Directions: For the entries below, the result should be an exact transcription of the lines from the one with "2022 GMC Terrain Denali AWD photo" up to and including the one with "Waipu Cove House", and only those.

Dataset excerpts:
======
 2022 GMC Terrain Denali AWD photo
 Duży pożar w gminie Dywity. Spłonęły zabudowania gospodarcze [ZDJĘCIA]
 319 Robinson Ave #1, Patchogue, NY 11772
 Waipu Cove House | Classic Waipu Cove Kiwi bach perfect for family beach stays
======
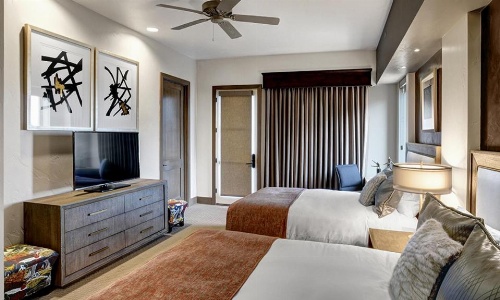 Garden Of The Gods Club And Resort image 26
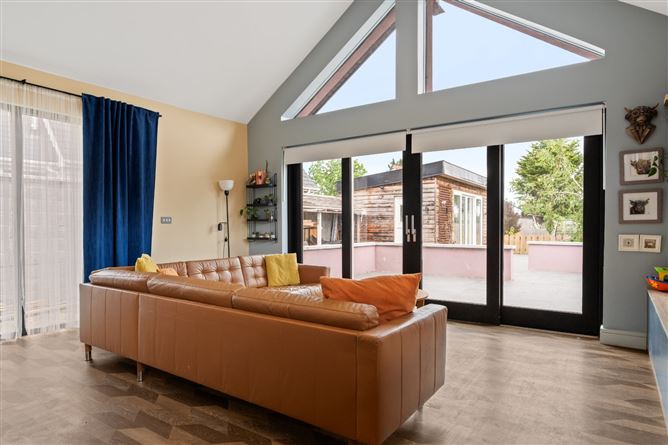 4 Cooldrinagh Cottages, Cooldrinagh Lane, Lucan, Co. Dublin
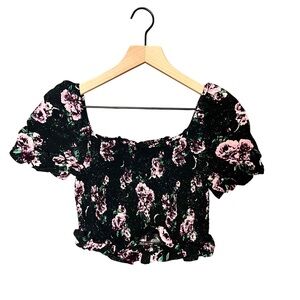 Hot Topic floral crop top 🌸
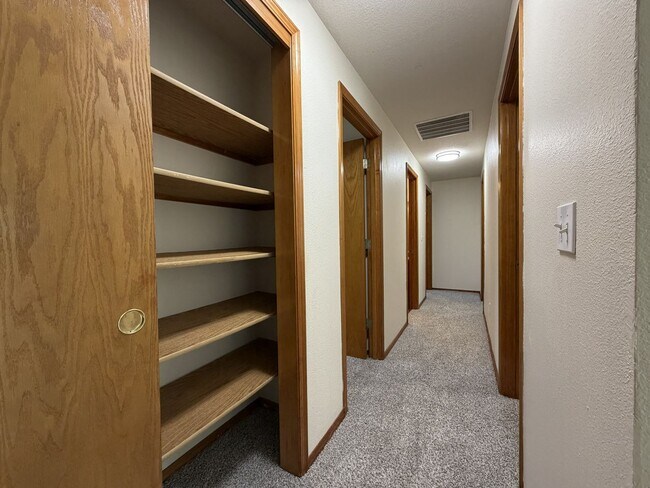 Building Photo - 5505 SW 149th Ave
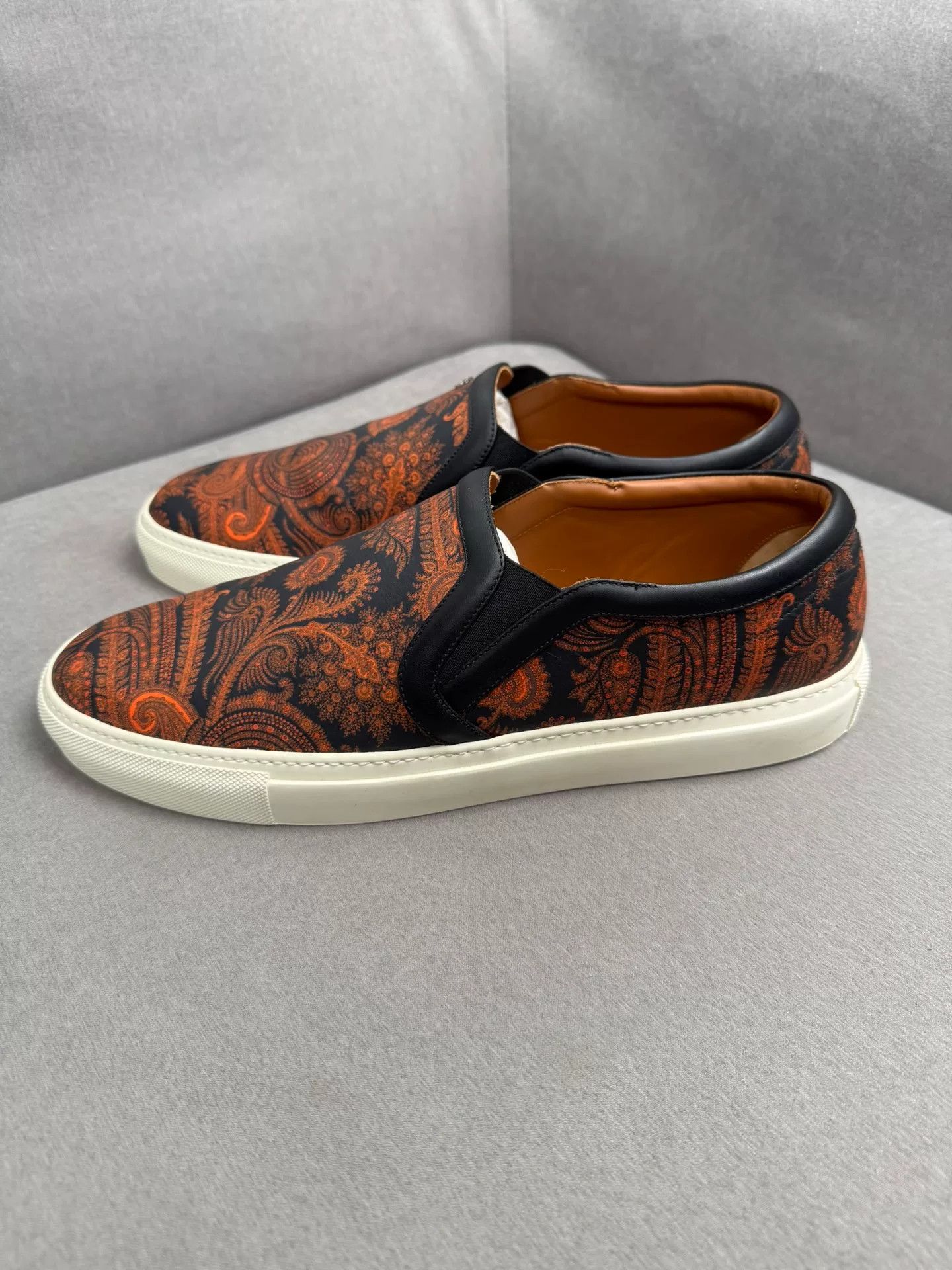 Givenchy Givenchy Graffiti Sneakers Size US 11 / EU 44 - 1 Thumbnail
======
Solution for this problem:
 2022 GMC Terrain Denali AWD photo
 Duży pożar w gminie Dywity. Spłonęły zabudowania gospodarcze [ZDJĘCIA]
 319 Robinson Ave #1, Patchogue, NY 11772
 Waipu Cove House | Classic Waipu Cove Kiwi bach perfect for family beach stays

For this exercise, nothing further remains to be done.